◆ Exercise:
Set every line of the data down again exactly, and keep the pictures out.

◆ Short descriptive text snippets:
########
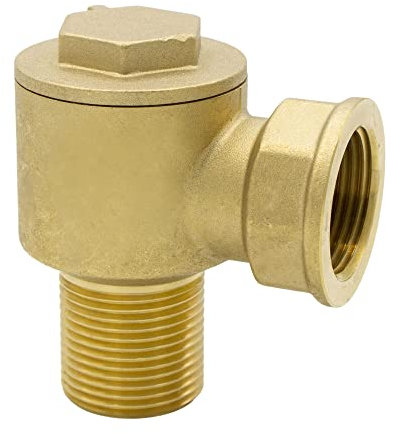 VARIOSAN Winkel-Eckventil mit Rückschlagventil 16140, 1 1/4, Messing, 10 bar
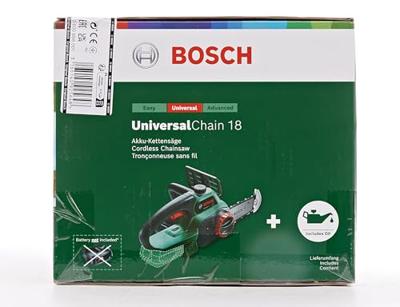 BOSCH UniversalChain 18 draadloze kettingzaag - Eén gereedschap zonder batterij - thumbnail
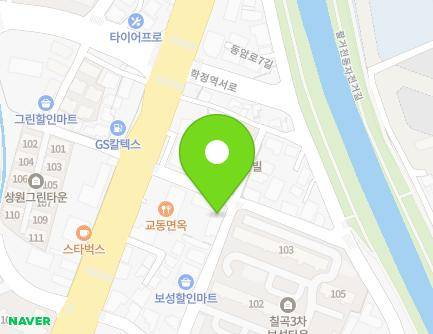 대구광역시 북구 칠곡중앙대로128길 10-6 (읍내동, 아이파크아파트) 지도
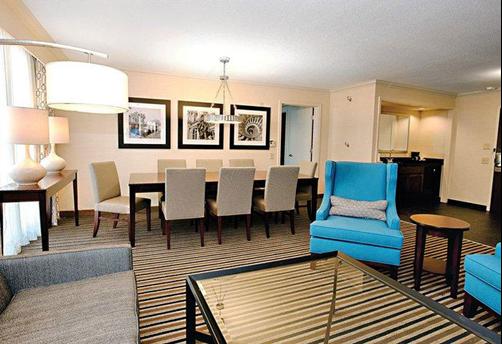 Wyndham Boston Beacon Hill - Boston - Wohnzimmer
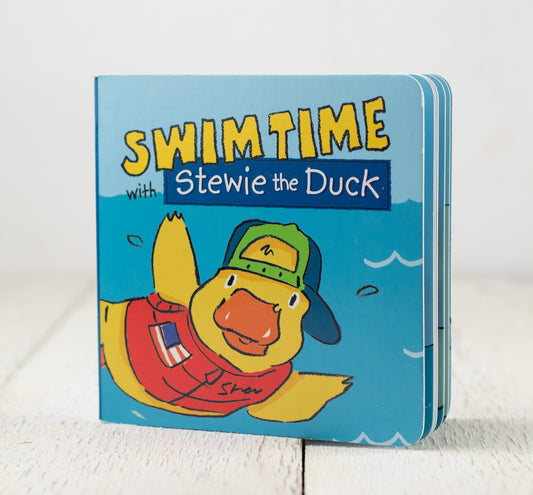 Swim Time with Stewie the Duck Big Book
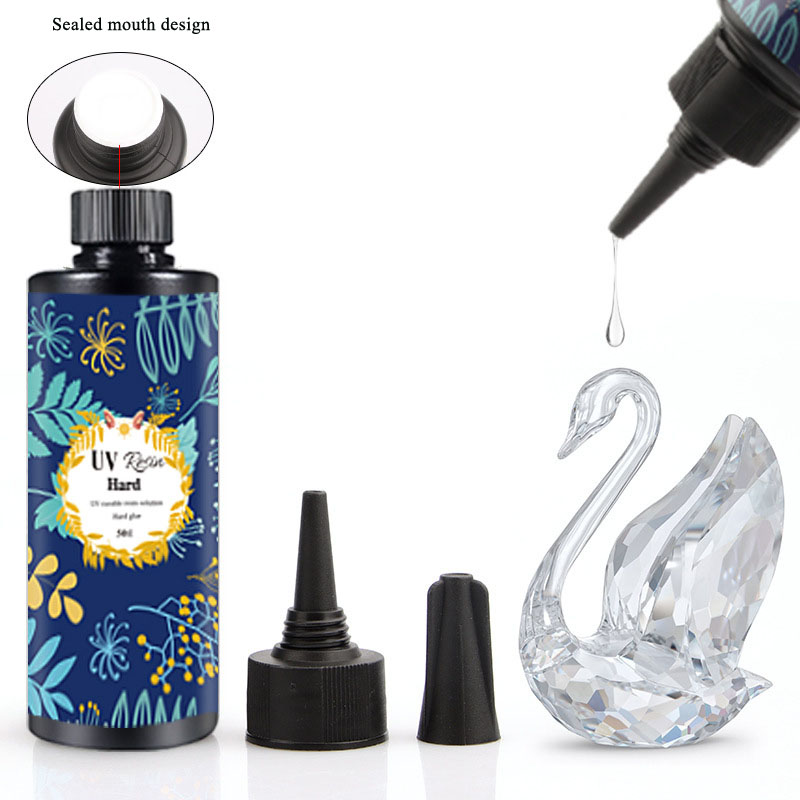 100g UV Resin Clear,Hard,Upgra - Resin Art Accessories ulasan dan harga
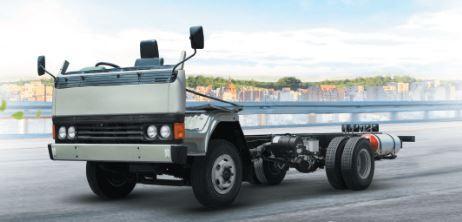 Eicher 10.90 L CNG Bus Chassis Customizable 2022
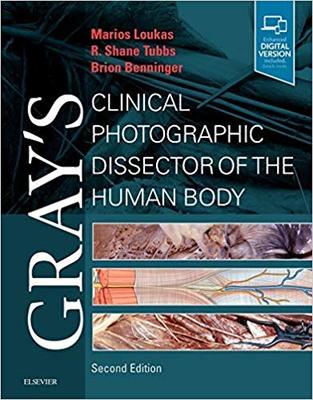 【预售】Gray’s Clinical Photographic Dissector of the Human Body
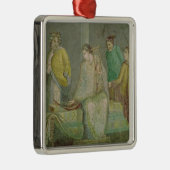 Konzert, C.-ANZEIGE 30-40 Silbernes Ornament (Rechts)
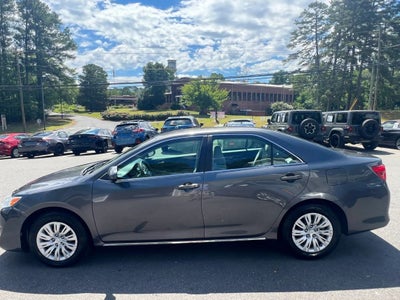 2012 Toyota Camry LE Sedan 4D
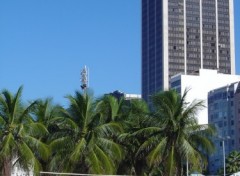 Fonds d'cran Voyages : Amrique du sud Copacabana Beach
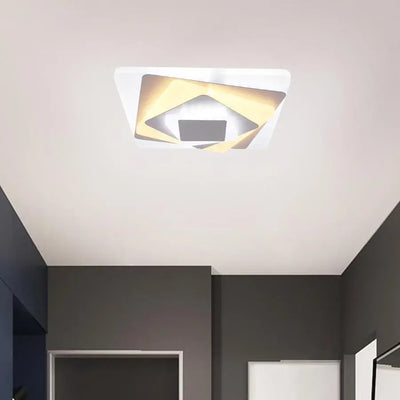Πολυέλαιος LED FLORENSIA, 30W, Κρύο/Ζεστό/Ουδέτερο φως, Λευκό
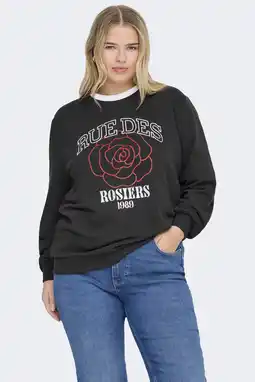 Wehkamp ONLY CARMAKOMA sweater aanbieding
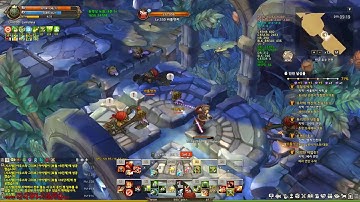 Tree Of Savior Re:Build Hoplite/Rodelero/Retiarius Dungeon 330 Gameplay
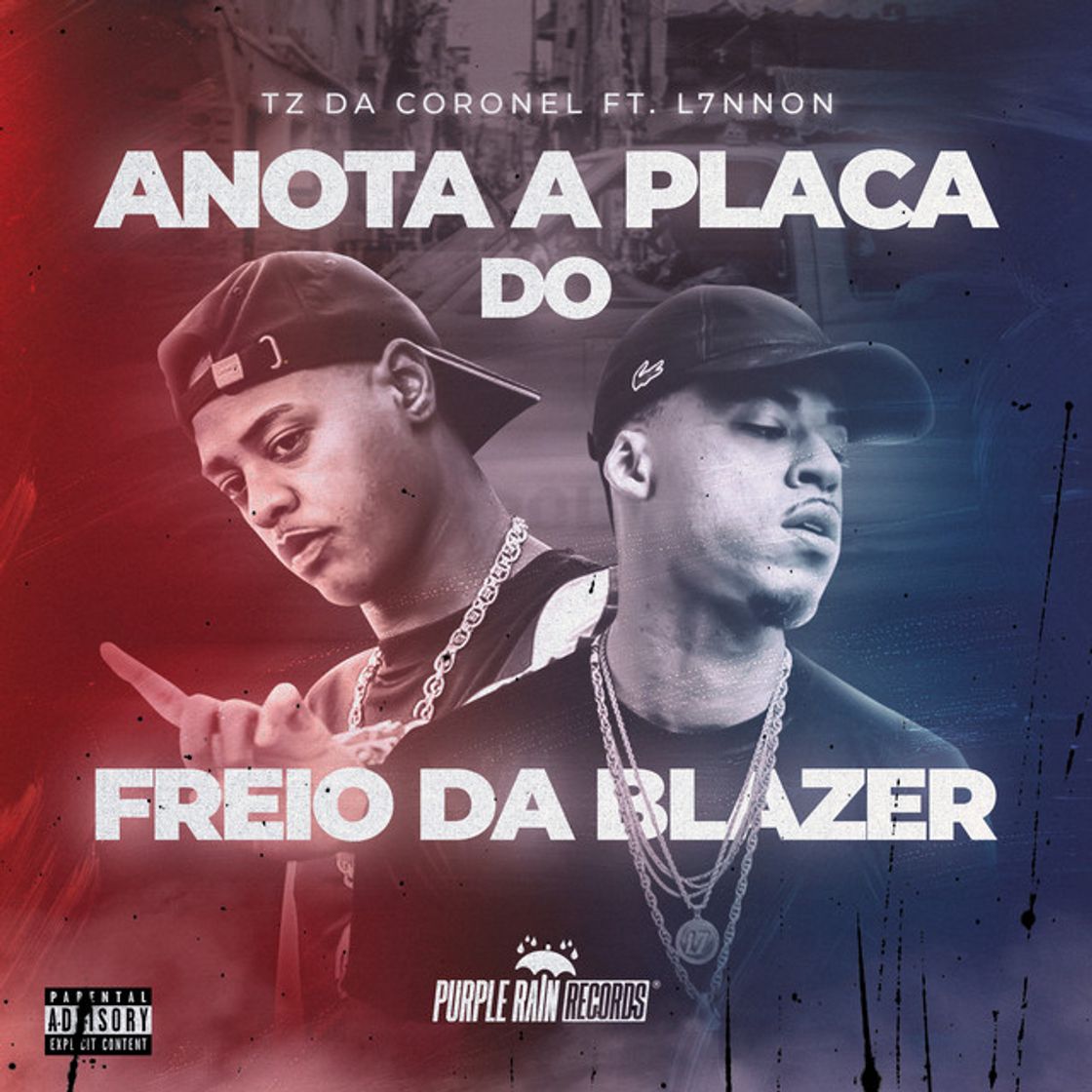 Music Anota Placa do Freio da Blazer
########
◆ Result of this exercise:
 VARIOSAN Winkel-Eckventil mit Rückschlagventil 16140, 1 1/4, Messing, 10 bar
 BOSCH UniversalChain 18 draadloze kettingzaag - Eén gereedschap zonder batterij - thumbnail
 대구광역시 북구 칠곡중앙대로128길 10-6 (읍내동, 아이파크아파트) 지도
 Wyndham Boston Beacon Hill - Boston - Wohnzimmer
 Swim Time with Stewie the Duck Big Book
 100g UV Resin Clear,Hard,Upgra - Resin Art Accessories ulasan dan harga
 Eicher 10.90 L CNG Bus Chassis Customizable 2022
 【预售】Gray’s Clinical Photographic Dissector of the Human Body
 Konzert, C.-ANZEIGE 30-40 Silbernes Ornament (Rechts)
 2012 Toyota Camry LE Sedan 4D
 Fonds d'cran Voyages : Amrique du sud Copacabana Beach
Πολυέλαιος LED FLORENSIA, 30W, Κρύο/Ζεστό/Ουδέτερο φως, Λευκό
 Wehkamp ONLY CARMAKOMA sweater aanbieding
 Tree Of Savior Re:Build Hoplite/Rodelero/Retiarius Dungeon 330 Gameplay
 Music Anota Placa do Freio da Blazer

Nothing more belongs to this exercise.